Se potessi scegliere un’attività per la quale non hai talento e venirne magicamente e generosamente dotato, quale attività sceglieresti?

L’organizzazione di eventi. Lavorando con diverse agenzie di comunicazione, vedo l’impegno e la fatica che ci mettono nel lavoro e la gratificazione che scaturisce da un evento ben riuscito, ed è un ambito che mi attrae.

Ti piace quando ti cantano “Tanti auguri”?

Abbastanza. Mi piace anche quando mi tirano le orecchie e, in generale, quando mi festeggiano. Sono eclettico e mi piace stare al centro dell’attenzione perciò non m’imbarazzo.

Al cinema piangi quando dovresti piangere, al momento sbagliato o non piangi affatto?

Qualche lacrimuccia mi scende, mai nelle situazioni giuste ma piuttosto quando ci sono scene che evocano vecchi ricordi o momenti emozionanti.

Hai ancora qualcuna delle tue vecchie pagelle o dei tuoi trofei sportivi d’infanzia?

(ride) Ho conservato una sola pagella del liceo, quella in cui presi 1 di Fisica: diciamo che la tengo con affetto. Quanto ai trofei, né io né i miei genitori abbiamo conservato nulla: non mi piacciono i "muri dei ricordi" zeppi di coppe e gagliardetti.

C’è da fidarsi di più o di meno di chi mangia cibo insapore rispetto a un buongustaio raffinato?

Franco Ricci di Bibenda una volta mi ha detto: “Ci sono otto milioni di italiani che sanno cos’è il vino e 51 milioni che lo ignorano”. Io dico che anche per il cibo è così: nonostante l’Italia sia famosa nel mondo anche per il buon cibo, non ci sono molti buongustai in giro. Detto questo, anche se sembra un paradosso detto da uno chef, è più facile fidarsi di chi mangia insapore: posso sempre fargli cambiare idea con uno dei miei piatti.

Puoi dire con certezza di aver amato?

Sì, sì, sì. E amo tuttora.

Ti chiedi più spesso che ne è stato della gente normale che hai conosciuto o degli strambi che hai conosciuto?

Degli strambi. Sono persone che ci ricordiamo meglio perché ci hanno colpito per qualche colpo di testa.

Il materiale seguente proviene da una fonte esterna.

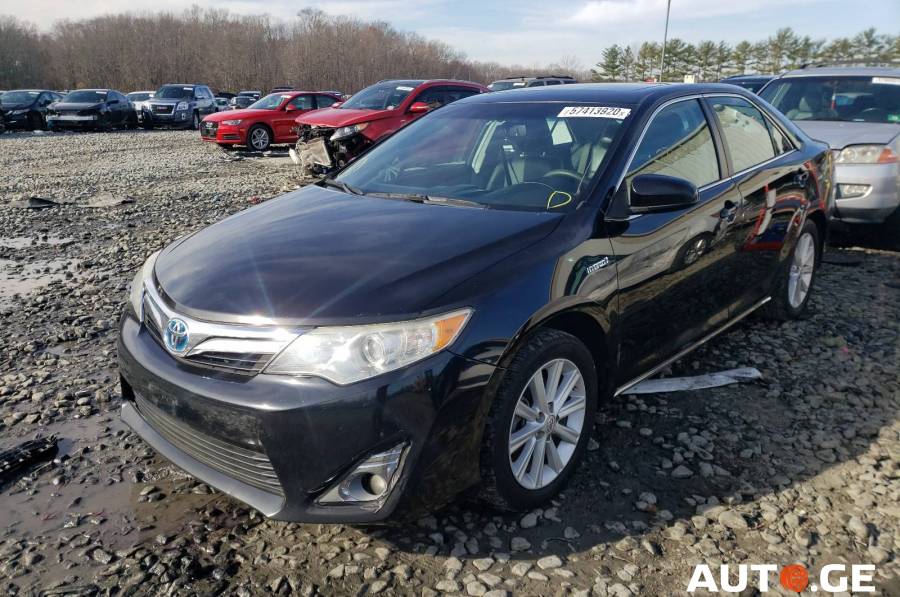 Toyota Camry 2013 — photo 2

Chi non ha pensato almeno una volta: “Chissà che fine ha fatto quel matto che veniva al liceo con me?”.

Sai mentire?

Quando ero più giovane sì, ho sparato un sacco di cazzate (dice ridendo). Ora molto di meno - soprattutto per rispetto delle persone che amo e stimo - anche se nel mio lavoro  saper mentire qualche volta è fondamentale.

Gli sport per te sono qualcosa da fare, guardare o ignorare del tutto?

Da fare, perché mi piace molto l’attività fisica: da quindici anni faccio surf, uno sport che adoro, e qualche volta corro in pista con le auto. Però mi piace anche molto guardarli in tivù e poi magari provare a farli.

Quando il gioco si fa duro, sei uno dei duri che cominciano a giocare?

Sì, perché mi piace stare sotto pressione: non sono particolarmente competitivo, ma spesso dò il meglio di me quando sono un po’ in difficoltà.

Qual è la tua torta preferita?

La torta di mele, possibilmente servita con una pallina di gelato.

Ti definiresti un buon archivista, rispetto alla tua memoria, o un cattivo archivista?

Buono. Ricordo tutto e ho un’ottima memoria: difficilmente tendo a dimenticare qualcosa, anche gli aspetti negativi. E poi sono molto fisionomista perciò mi ricordo i visi delle persone anche a distanza di molti anni.

Quest’anno farai viaggi significativi?

Non ne ho ancora programmati, ma questa estate sono tornato ad Atene e Mykonos: per me i viaggi fatti in Grecia sono sempre significativi e confesso che è il posto dove vorrei passare la vecchiaia.

Sarai più felice in futuro?

Diciamo che il mio obiettivo è quello. Mi piace ripartire, mettermi in discussione, provare a crescere per stare meglio. Dunque probabilmente lo sarò.